Le statut juridique de l'assurance de prêt
L'AEC porte un jugement virulent sur le projet de Benoit Hamon. Qualifié de "régressif", il constitue selon lui une "habile stratégie de communication pro-consumériste". Quels arguments avance-t-il ? Le flou qui entoure le droit de changer d'assurance en cours de prêt est au coeur du débat : quand le droit à résiliation n'est pas explicitement interdit dans le contrat, il reste libre pour l'emprunteur. L'IGF (Inspection Générale des Finances) est elle même très prudente à ce sujet. Le rapport qu'elle a remis récemment au gouvernement souligne qu'un "faisceau d'éléments indique que l'assurance emprunteur est résiliable annuellement", mais en pratique, cette possibilité est limitée par le fait que l'emprunteur doit obtenir l'accord du prêteur et pas seulement de l'assureur pour pouvoir changer de contrat en cours de prêt. Même si les contrats d'assurance emprunteur ne font pas l'objet d'un régime spécifique dans le code des Assurances, on voit bien que leur situation juridique n'est pas clairement établie.
Pouvoir résilier annuellement
La proposition de Benoit Hamon prévoit qu'au-delà d'un délai de 12 mois après la signature du prêt la substitution de l'assurance ne sera possible que si l'offre de prêt l'autorise explicitement. Or pour l'AEC, ce qui n'est pas explicitement interdit doit être autorisé : l'assuré qui n'a pas été informé d'une interdiction à résilier doit pouvoir le faire.

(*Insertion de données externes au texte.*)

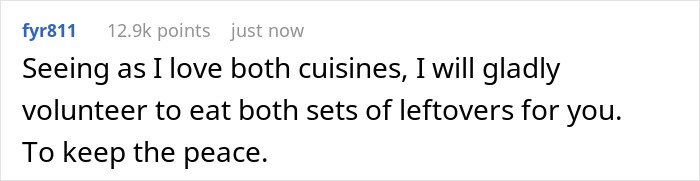 Comment highlighting Indian and Chinese cuisine appreciation for leftovers. Comment highlighting Indian and Chinese cuisine appreciation for leftovers.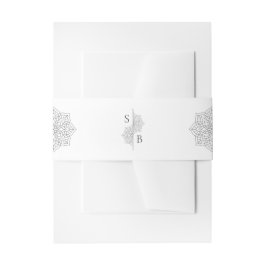 Einfache moderne Boho Monogram Mandala Wedding Einladungsbanderole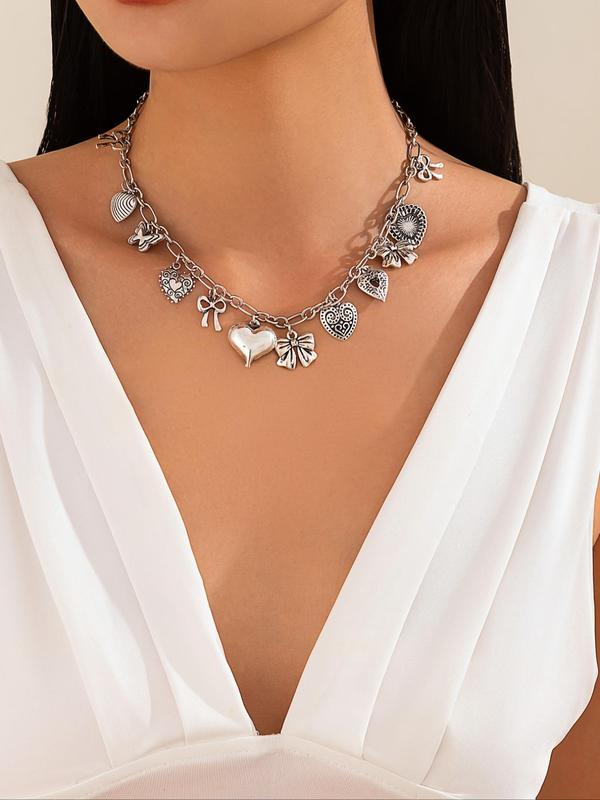 Heart Bow Charms Necklace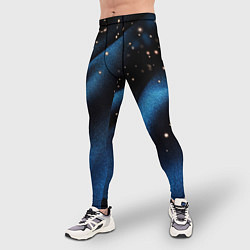 Тайтсы мужские Синяя волнистая текстура на черном, цвет: 3D-принт — фото 2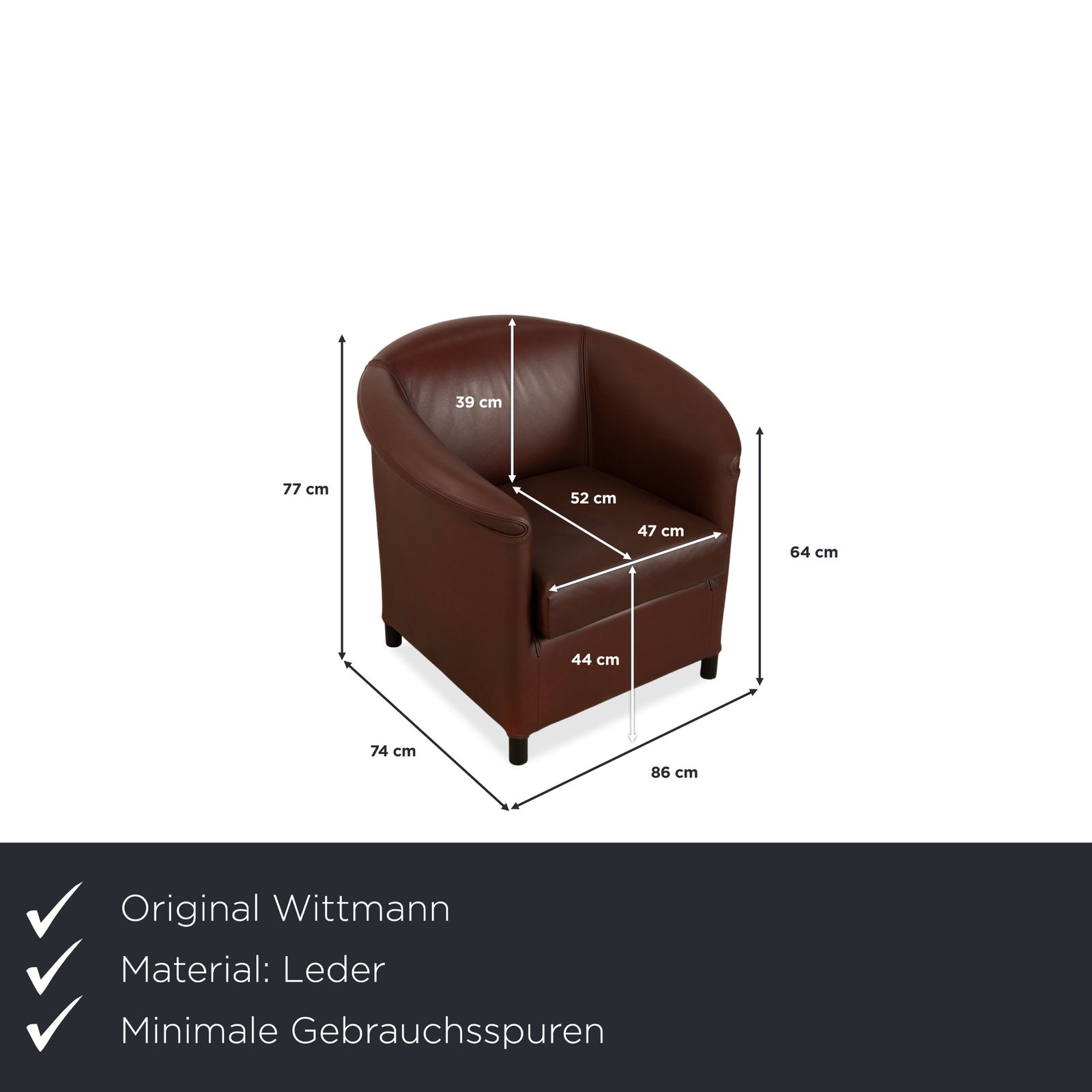Wittmann Aura Xl Leather Armchair Brown Red photo furniture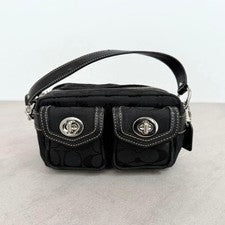 COACH Signature Black Mini Satchel Double Turnlock Bag #QYI9VY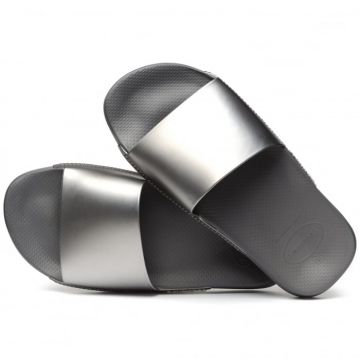 Papuci Havaianas din cauciuc natural,argintiu metalizat
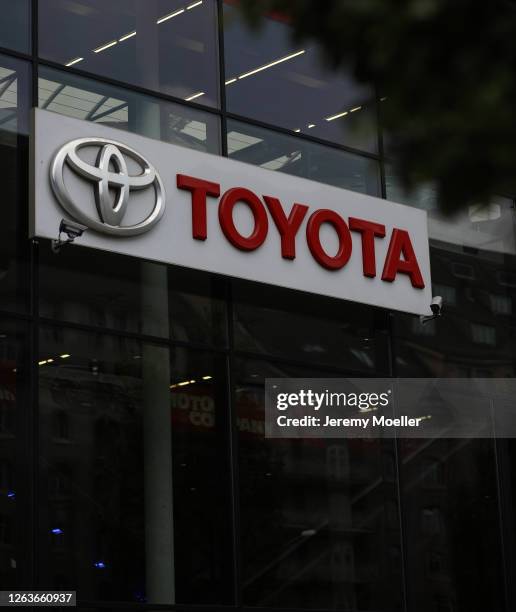 Toyota sign is displayed on August 02, 2020 in Berlin, Germany. Germany is carefully lifting lockdown measures nationwide in an attempt to raise...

L'AEC réclame par ailleurs que le droit de résiliation en cours de prêt soit intégré dans la fiche standardisée d'information que l'organisme prêteur est tenu de remettre à l'emprunteur.
Frais de substitution
Le collectif craint en outre que la substitution de l'assurance de prêt donne lieu à des frais réclamés pour la rédaction d'un avenant pour changement d'assurance. Facturé entre 1% et 2% du capital restant dû comme c'est le cas pour les renégociations de crédit, cet avenant ouvrirait la liberté de changer d'assurance uniquement pour les emprunteurs en ayant les moyens. Un procédé qu'on peut rapprocher des frais de délégation que certaines banques n'hésitent pas à facturer et qui freinent bien évidemment la mise en oeuvre de la loi Lagarde. Le porjet de loi hamon prévoit toutefois que le changement doit se faire sans frais. Autre clarification demandée par l'AEC, la question des délais : 10 jours ouvrés durant lesquels la banque doit donner son accord ou son refus de substitution, et 10 jours encore pour informer l'assureur de l'accord de la banque. Le collectif réclame une procédure simple, identique à tous les contrats d'assurance, soit un préavis de 2 mois pour résilier annuellement.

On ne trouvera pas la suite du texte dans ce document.